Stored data
.....

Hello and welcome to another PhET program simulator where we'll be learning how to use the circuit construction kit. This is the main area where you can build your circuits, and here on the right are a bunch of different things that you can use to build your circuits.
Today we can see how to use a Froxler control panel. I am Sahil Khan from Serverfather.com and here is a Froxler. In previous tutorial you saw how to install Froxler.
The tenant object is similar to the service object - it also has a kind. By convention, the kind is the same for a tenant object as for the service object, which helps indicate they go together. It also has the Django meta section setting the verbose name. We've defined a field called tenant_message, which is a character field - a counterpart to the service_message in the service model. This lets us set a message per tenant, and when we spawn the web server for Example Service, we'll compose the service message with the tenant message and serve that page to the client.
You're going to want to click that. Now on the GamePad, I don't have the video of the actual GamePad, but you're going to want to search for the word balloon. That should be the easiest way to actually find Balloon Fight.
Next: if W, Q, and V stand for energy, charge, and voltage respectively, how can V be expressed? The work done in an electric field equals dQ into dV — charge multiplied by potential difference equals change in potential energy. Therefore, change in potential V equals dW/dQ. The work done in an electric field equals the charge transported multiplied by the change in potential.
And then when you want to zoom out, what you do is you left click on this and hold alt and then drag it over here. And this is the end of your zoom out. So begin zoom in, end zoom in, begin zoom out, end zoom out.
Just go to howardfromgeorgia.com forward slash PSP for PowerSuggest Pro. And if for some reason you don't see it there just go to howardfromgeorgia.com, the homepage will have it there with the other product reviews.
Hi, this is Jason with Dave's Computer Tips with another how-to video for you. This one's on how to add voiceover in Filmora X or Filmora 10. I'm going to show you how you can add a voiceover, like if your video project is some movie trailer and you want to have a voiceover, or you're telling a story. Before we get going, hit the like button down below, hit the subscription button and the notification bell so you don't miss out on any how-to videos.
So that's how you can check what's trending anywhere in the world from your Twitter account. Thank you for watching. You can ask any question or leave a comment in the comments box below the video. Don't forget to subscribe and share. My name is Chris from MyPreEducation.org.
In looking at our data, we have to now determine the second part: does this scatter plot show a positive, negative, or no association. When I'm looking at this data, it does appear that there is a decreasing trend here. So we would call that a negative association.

.....

Work required
The records above should be restated word for word, please.

Final answer
Hello and welcome to another PhET program simulator where we'll be learning how to use the circuit construction kit. This is the main area where you can build your circuits, and here on the right are a bunch of different things that you can use to build your circuits.
Today we can see how to use a Froxler control panel. I am Sahil Khan from Serverfather.com and here is a Froxler. In previous tutorial you saw how to install Froxler.
The tenant object is similar to the service object - it also has a kind. By convention, the kind is the same for a tenant object as for the service object, which helps indicate they go together. It also has the Django meta section setting the verbose name. We've defined a field called tenant_message, which is a character field - a counterpart to the service_message in the service model. This lets us set a message per tenant, and when we spawn the web server for Example Service, we'll compose the service message with the tenant message and serve that page to the client.
You're going to want to click that. Now on the GamePad, I don't have the video of the actual GamePad, but you're going to want to search for the word balloon. That should be the easiest way to actually find Balloon Fight.
Next: if W, Q, and V stand for energy, charge, and voltage respectively, how can V be expressed? The work done in an electric field equals dQ into dV — charge multiplied by potential difference equals change in potential energy. Therefore, change in potential V equals dW/dQ. The work done in an electric field equals the charge transported multiplied by the change in potential.
And then when you want to zoom out, what you do is you left click on this and hold alt and then drag it over here. And this is the end of your zoom out. So begin zoom in, end zoom in, begin zoom out, end zoom out.
Just go to howardfromgeorgia.com forward slash PSP for PowerSuggest Pro. And if for some reason you don't see it there just go to howardfromgeorgia.com, the homepage will have it there with the other product reviews.
Hi, this is Jason with Dave's Computer Tips with another how-to video for you. This one's on how to add voiceover in Filmora X or Filmora 10. I'm going to show you how you can add a voiceover, like if your video project is some movie trailer and you want to have a voiceover, or you're telling a story. Before we get going, hit the like button down below, hit the subscription button and the notification bell so you don't miss out on any how-to videos.
So that's how you can check what's trending anywhere in the world from your Twitter account. Thank you for watching. You can ask any question or leave a comment in the comments box below the video. Don't forget to subscribe and share. My name is Chris from MyPreEducation.org.
In looking at our data, we have to now determine the second part: does this scatter plot show a positive, negative, or no association. When I'm looking at this data, it does appear that there is a decreasing trend here. So we would call that a negative association.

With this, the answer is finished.